**EXERCISE AIM:**
If a record below holds a picture, leave the picture out and copy the rest exactly.
---+---
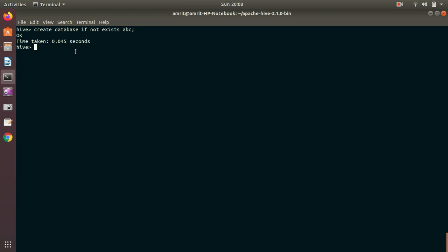We can also do one more thing here. We can also add a comment with it. If you want to describe the database, what this database is all about, you can also add some comment alongside. How we can add comment to this existing command. So let's suppose my now database will be ABC one. And here I'll be using a keyword COMMENT. Here I'm writing: This is my dummy database. That's it.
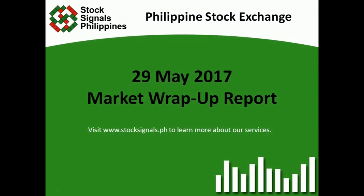Hi everyone, this is Stock Signals Philippines, teaching you how to trade and invest in the Philippines stock market independently.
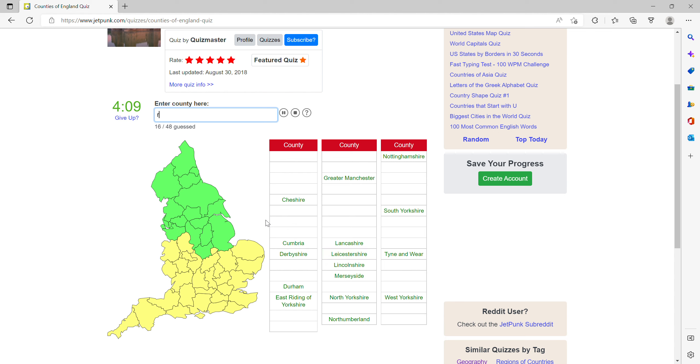The little one is Rutland, then you've got the West Midlands. I think north of it is Staffordshire.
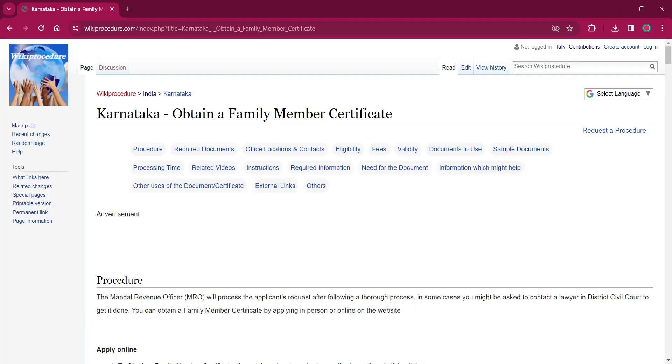Hello everyone, welcome to wiki procedure info channel. Today we shall see the application procedure for obtaining a family member certificate in Karnataka.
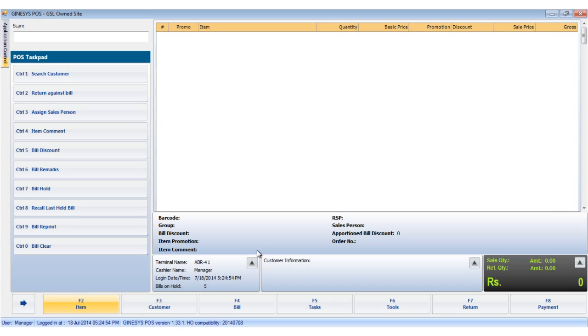It may happen that a particular item's details are not present in the local database. In such cases we have to download the item details from the web database.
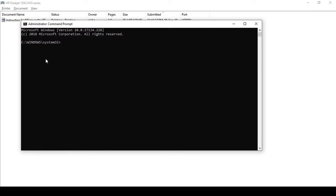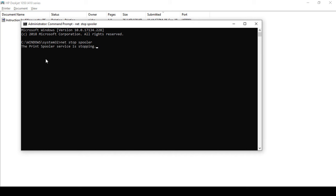After that we need to write 'net space stop space spooler' and then press enter.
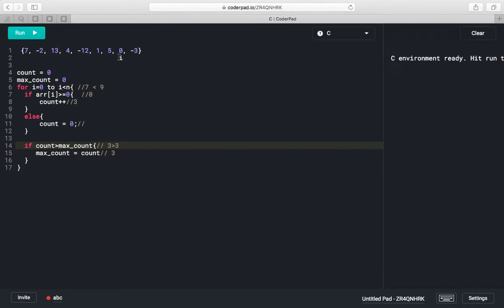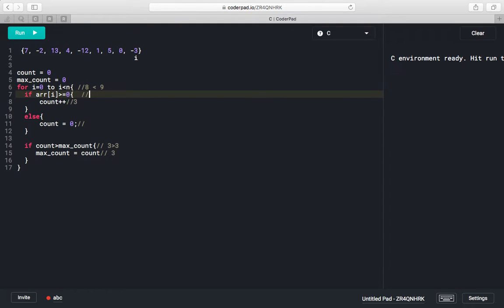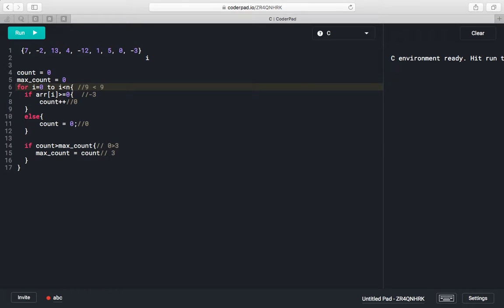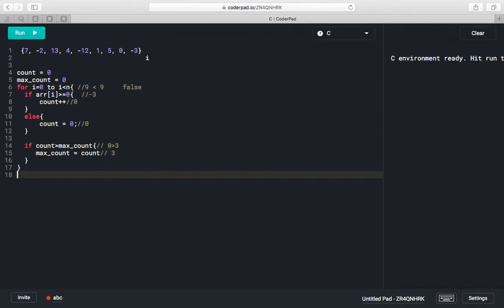We increase the index to 8. array[i] is -3, which is less than 0, so count resets to 0. The condition 0 > 3 is false so max_count stays 3. Index becomes 9, and since 9 is not less than 9 the for loop terminates. We print max_count, which is 3.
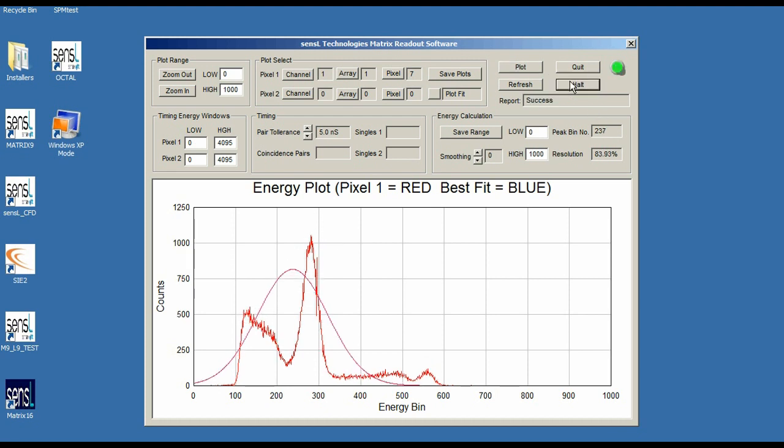I'm going to halt the measurement. What I want to do to actually let the software achieve a good peak fit is I want to select a value that represents the separation between the Compton Continuum and the 511 keV peak. In this case, that point down there looks to be about 225.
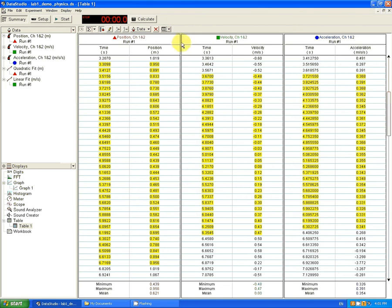And now we see at the bottom that for the precision that we have chosen, the mean value of the acceleration is 0.354 meters per second squared, just like it is on the position time graph and on the velocity time graph.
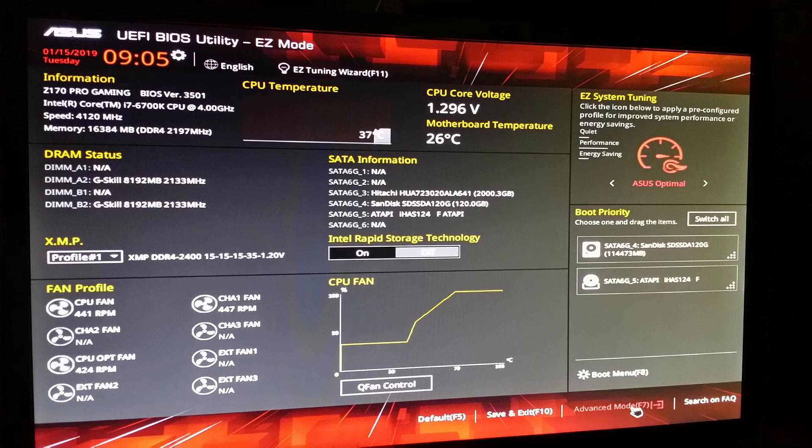To get to your BIOS, restart your computer and as it boots back up hold down the F2 button on your keyboard. When you get to your BIOS screen it looks like this.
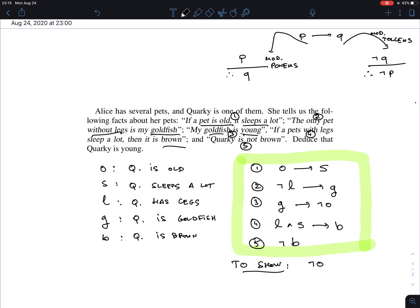We're looking for ¬O. Sentence three has ¬O as the conclusion, so I can use modus ponens if I have G. To get G, sentence two has it as a conclusion — so I need ¬L via modus ponens. L appears only in sentence four, but there it's part of the premise. So to extract ¬L I need to apply modus tollens to sentence four, which requires the negation of its conclusion. And I have ¬B from sentence five — so I have a strategy.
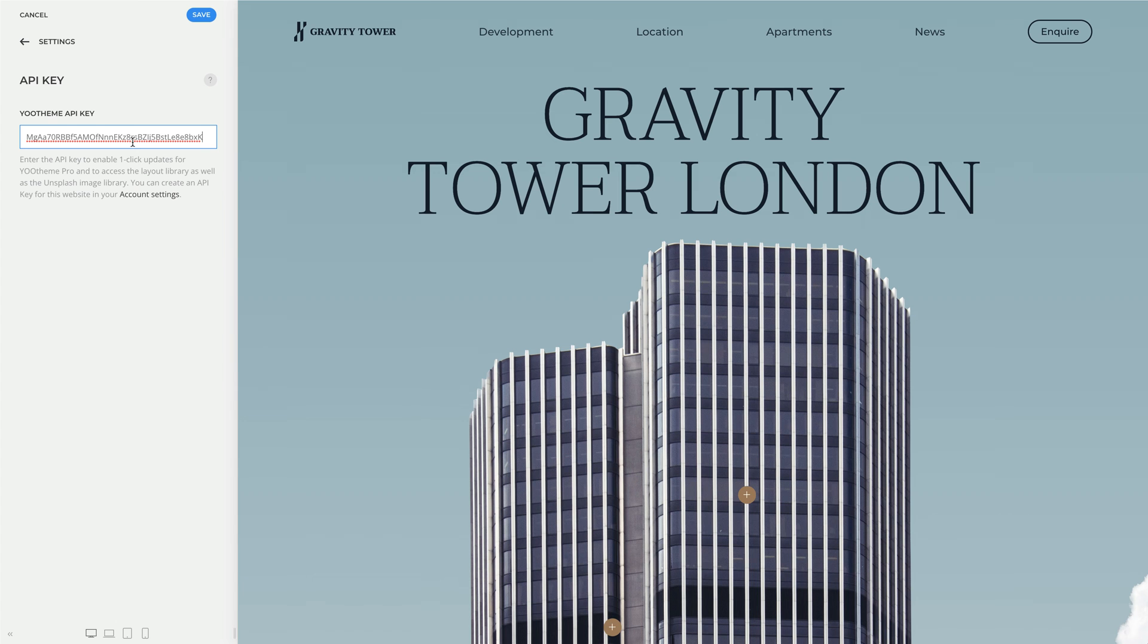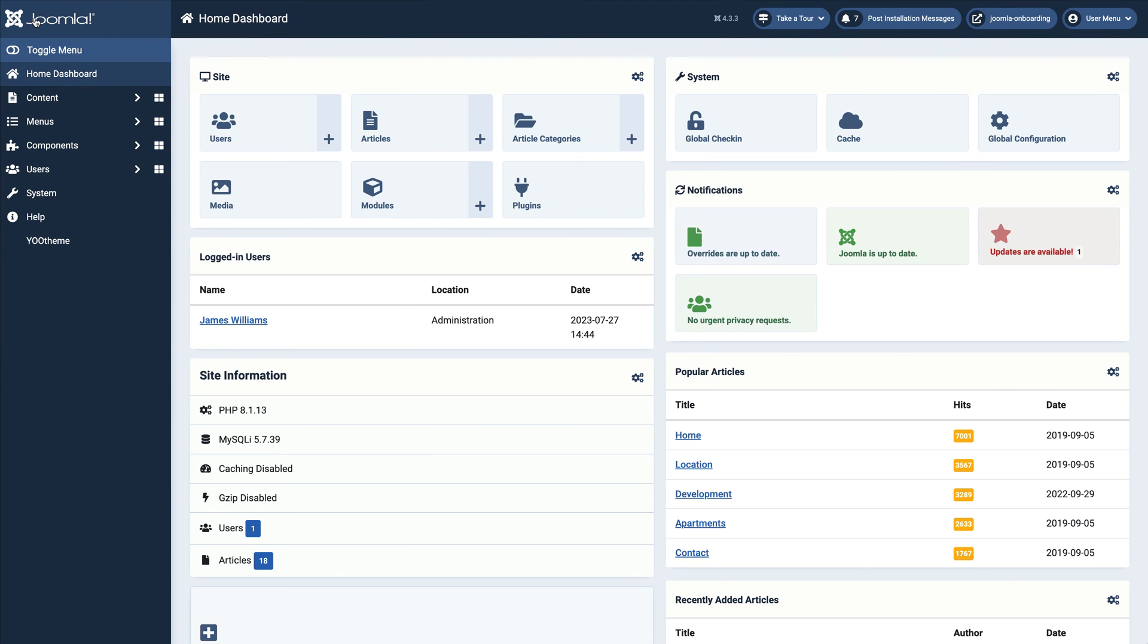After saving, you can update Utheme Pro with one click just like any other theme.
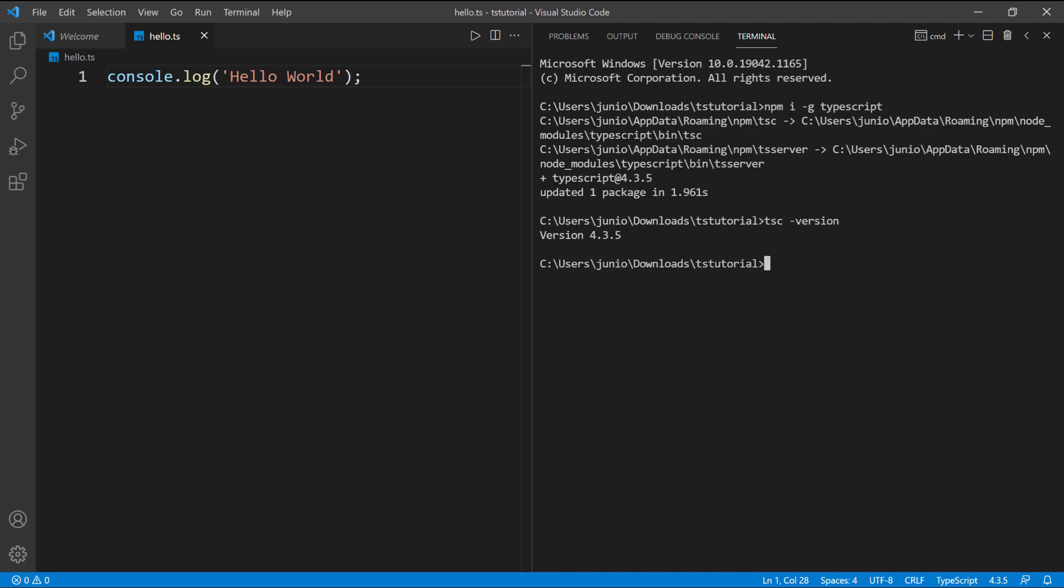Go ahead and follow those steps and have TypeScript installed. All you have to do is run npm install -g for global and then typescript, and make sure you don't get any errors in your output. After that you can type in 'tsc' for TypeScript compiler --version, and that should give you the version of TypeScript that you have installed on your computer.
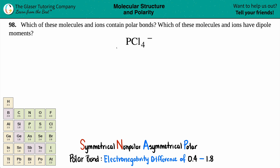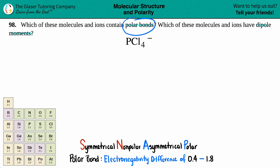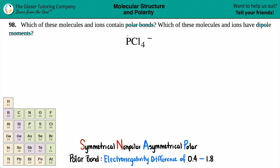Problem 98 asks which of these molecules and ions contain polar bonds and which have dipole moments. We have PCl4 minus. Let's first find out if this ion has polar bonds. It's an ion because ions are always charged species, and since this has a negative charge, it's an ion. To find out if something has polar bonds, I want to see the actual bonds — but just looking at PCl4 minus, I don't see any bonds.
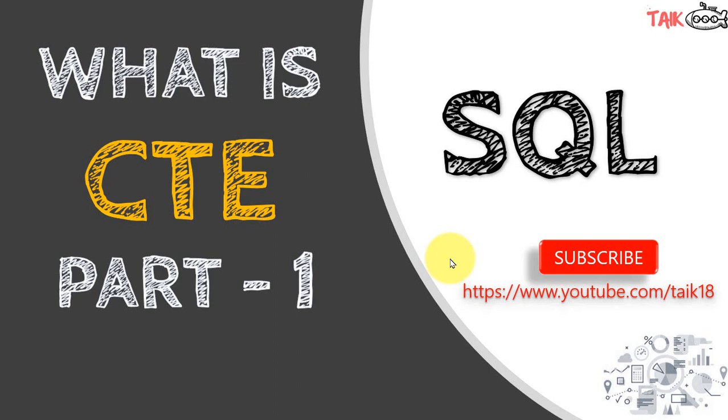Hello and welcome to Tech. I am Ahmad Adnan and in this video we are going to discuss what is CTE in SQL Server. It's part 1 and it's going to be a series for that.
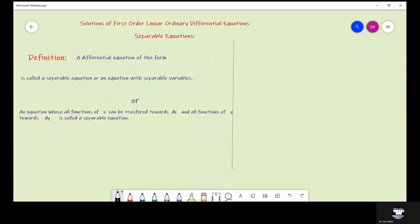Separable equations. These are the simplest type of equations. We say that a differential equation of the form dy over dx equals f(x) times h(y) is called a separable equation, or an equation with separable variables. Or this can be defined as an equation whose all functions of x can be transferred towards dx and all functions of y towards dy.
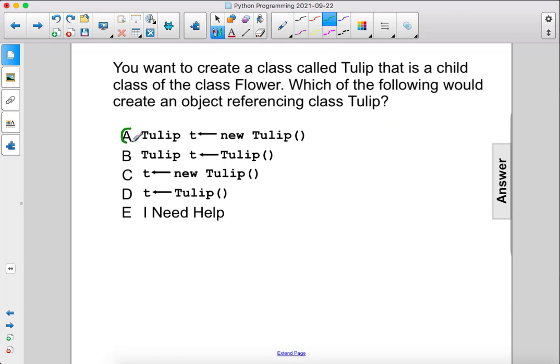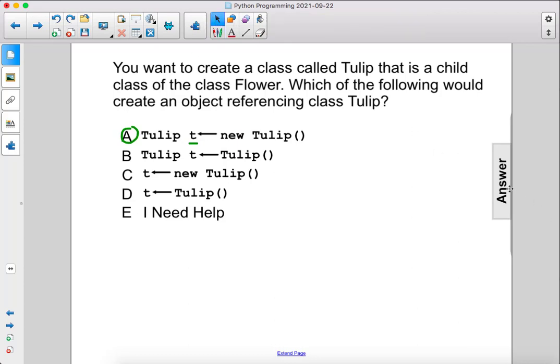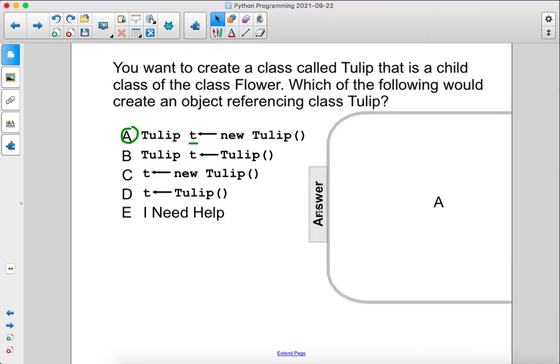That would be A. Tulip T — this is the name of our object — is going to be new Tulip. The answer is A.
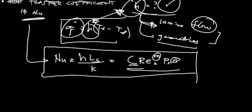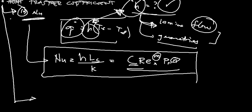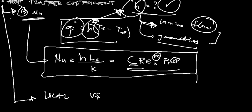Aside from Nusselt number, we are still under the heat transfer coefficient. We also need to have a background regarding what we call the local and average coefficient.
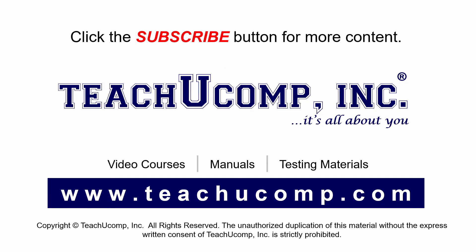Remember to click the subscribe button to see more of our videos. Get ad-free courses at teachucomp.com.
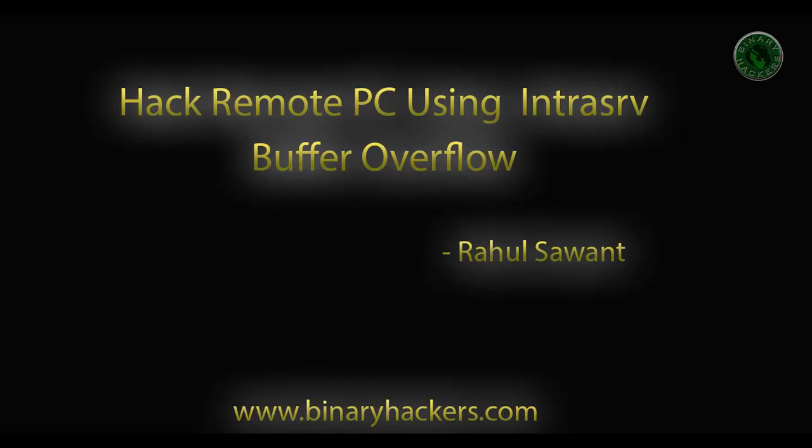Welcome to BinaryHackers.com. My name is Rahul Sawant. In this video we are going to hack a remote PC using Intrasrv Buffer Overflow Exploit.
---+---
**RESPONSE:**
We can also do one more thing here. We can also add a comment with it. If you want to describe the database, what this database is all about, you can also add some comment alongside. How we can add comment to this existing command. So let's suppose my now database will be ABC one. And here I'll be using a keyword COMMENT. Here I'm writing: This is my dummy database. That's it.
Hi everyone, this is Stock Signals Philippines, teaching you how to trade and invest in the Philippines stock market independently.
The little one is Rutland, then you've got the West Midlands. I think north of it is Staffordshire.
Hello everyone, welcome to wiki procedure info channel. Today we shall see the application procedure for obtaining a family member certificate in Karnataka.
It may happen that a particular item's details are not present in the local database. In such cases we have to download the item details from the web database.
After that we need to write 'net space stop space spooler' and then press enter.
We increase the index to 8. array[i] is -3, which is less than 0, so count resets to 0. The condition 0 > 3 is false so max_count stays 3. Index becomes 9, and since 9 is not less than 9 the for loop terminates. We print max_count, which is 3.
I'm going to halt the measurement. What I want to do to actually let the software achieve a good peak fit is I want to select a value that represents the separation between the Compton Continuum and the 511 keV peak. In this case, that point down there looks to be about 225.
And now we see at the bottom that for the precision that we have chosen, the mean value of the acceleration is 0.354 meters per second squared, just like it is on the position time graph and on the velocity time graph.
To get to your BIOS, restart your computer and as it boots back up hold down the F2 button on your keyboard. When you get to your BIOS screen it looks like this.
We're looking for ¬O. Sentence three has ¬O as the conclusion, so I can use modus ponens if I have G. To get G, sentence two has it as a conclusion — so I need ¬L via modus ponens. L appears only in sentence four, but there it's part of the premise. So to extract ¬L I need to apply modus tollens to sentence four, which requires the negation of its conclusion. And I have ¬B from sentence five — so I have a strategy.
After saving, you can update Utheme Pro with one click just like any other theme.
Go ahead and follow those steps and have TypeScript installed. All you have to do is run npm install -g for global and then typescript, and make sure you don't get any errors in your output. After that you can type in 'tsc' for TypeScript compiler --version, and that should give you the version of TypeScript that you have installed on your computer.
Problem 98 asks which of these molecules and ions contain polar bonds and which have dipole moments. We have PCl4 minus. Let's first find out if this ion has polar bonds. It's an ion because ions are always charged species, and since this has a negative charge, it's an ion. To find out if something has polar bonds, I want to see the actual bonds — but just looking at PCl4 minus, I don't see any bonds.
Hello and welcome to Tech. I am Ahmad Adnan and in this video we are going to discuss what is CTE in SQL Server. It's part 1 and it's going to be a series for that.
Separable equations. These are the simplest type of equations. We say that a differential equation of the form dy over dx equals f(x) times h(y) is called a separable equation, or an equation with separable variables. Or this can be defined as an equation whose all functions of x can be transferred towards dx and all functions of y towards dy.
That would be A. Tulip T — this is the name of our object — is going to be new Tulip. The answer is A.
Aside from Nusselt number, we are still under the heat transfer coefficient. We also need to have a background regarding what we call the local and average coefficient.
Remember to click the subscribe button to see more of our videos. Get ad-free courses at teachucomp.com.
Welcome to BinaryHackers.com. My name is Rahul Sawant. In this video we are going to hack a remote PC using Intrasrv Buffer Overflow Exploit.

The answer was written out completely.